Bom tópico, boa temática. Essa cidadezinha tem duas das minhas bandas favoritas e alguns dos melhores discos da história do rock progressivo.
Só pra começar fica ai um adendo, Camel não faz parte da cena de Canterbury, eles são uma banda de Londres e tocam mais prog sinfônico.
Acima de tudo o rock progressivo de Canterbury tem raiz forte no desenvolvimento do seu próprio estilo de jazz. Também na sua origem influenciada pela psicodelia da época. E o que torna essas bandas tão especiais? O simples motivo do que eu disse não querer dizer nada.
De verdade poucas bandas são de lá de fato.

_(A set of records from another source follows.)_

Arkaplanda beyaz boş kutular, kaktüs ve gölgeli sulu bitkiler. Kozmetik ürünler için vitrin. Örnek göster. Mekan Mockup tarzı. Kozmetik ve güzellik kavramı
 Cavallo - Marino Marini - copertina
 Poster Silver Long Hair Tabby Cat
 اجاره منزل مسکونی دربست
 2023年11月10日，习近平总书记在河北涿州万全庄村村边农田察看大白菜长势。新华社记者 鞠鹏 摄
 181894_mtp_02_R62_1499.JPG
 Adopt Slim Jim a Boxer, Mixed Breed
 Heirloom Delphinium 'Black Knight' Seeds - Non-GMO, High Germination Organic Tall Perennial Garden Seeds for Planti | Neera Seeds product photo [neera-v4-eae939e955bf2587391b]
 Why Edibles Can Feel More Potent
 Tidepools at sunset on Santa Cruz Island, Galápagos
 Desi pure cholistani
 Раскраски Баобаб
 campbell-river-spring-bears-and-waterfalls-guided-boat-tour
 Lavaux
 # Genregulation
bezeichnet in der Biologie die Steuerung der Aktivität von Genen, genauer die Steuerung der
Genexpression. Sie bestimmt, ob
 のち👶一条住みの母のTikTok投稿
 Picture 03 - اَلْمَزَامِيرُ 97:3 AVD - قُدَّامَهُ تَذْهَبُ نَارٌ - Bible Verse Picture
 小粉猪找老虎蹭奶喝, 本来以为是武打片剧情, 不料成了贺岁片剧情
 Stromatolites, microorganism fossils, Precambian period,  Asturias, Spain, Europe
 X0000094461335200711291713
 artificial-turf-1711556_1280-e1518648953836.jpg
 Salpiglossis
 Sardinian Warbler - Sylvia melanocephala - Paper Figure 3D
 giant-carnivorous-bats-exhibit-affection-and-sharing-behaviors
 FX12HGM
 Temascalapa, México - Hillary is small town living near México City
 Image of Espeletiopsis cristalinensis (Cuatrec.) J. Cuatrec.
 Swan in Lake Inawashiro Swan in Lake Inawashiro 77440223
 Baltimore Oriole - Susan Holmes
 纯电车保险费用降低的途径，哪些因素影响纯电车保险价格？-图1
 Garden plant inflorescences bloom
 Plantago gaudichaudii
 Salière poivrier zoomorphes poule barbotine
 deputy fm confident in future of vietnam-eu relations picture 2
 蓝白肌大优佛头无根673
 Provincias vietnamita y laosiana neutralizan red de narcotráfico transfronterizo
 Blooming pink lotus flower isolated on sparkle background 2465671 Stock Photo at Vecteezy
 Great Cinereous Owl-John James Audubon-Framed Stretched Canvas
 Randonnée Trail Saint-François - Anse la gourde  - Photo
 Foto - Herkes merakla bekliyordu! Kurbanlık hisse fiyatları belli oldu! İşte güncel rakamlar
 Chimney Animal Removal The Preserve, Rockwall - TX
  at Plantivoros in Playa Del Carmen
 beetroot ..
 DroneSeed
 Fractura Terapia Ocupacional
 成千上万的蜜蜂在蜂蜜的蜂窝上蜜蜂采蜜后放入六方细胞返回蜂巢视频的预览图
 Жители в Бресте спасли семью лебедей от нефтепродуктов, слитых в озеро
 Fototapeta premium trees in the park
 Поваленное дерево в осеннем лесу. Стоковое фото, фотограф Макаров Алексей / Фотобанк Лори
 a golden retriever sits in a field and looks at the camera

Os dois grupos com maior influência e contribuição são Caravan e Soft Machine (ambas saindo do The Wilde Flowers). Um cara que estava envolvido com o Soft Machine se mudou pra França e lá começou uma banda inspirada nas ideias que surgiam no meio. Ele e sua mulher juntou um bando de hippies e fez o Gong e com essas três bandas nos últimos suspiros dos anos 60 foram os pioneiros da cena.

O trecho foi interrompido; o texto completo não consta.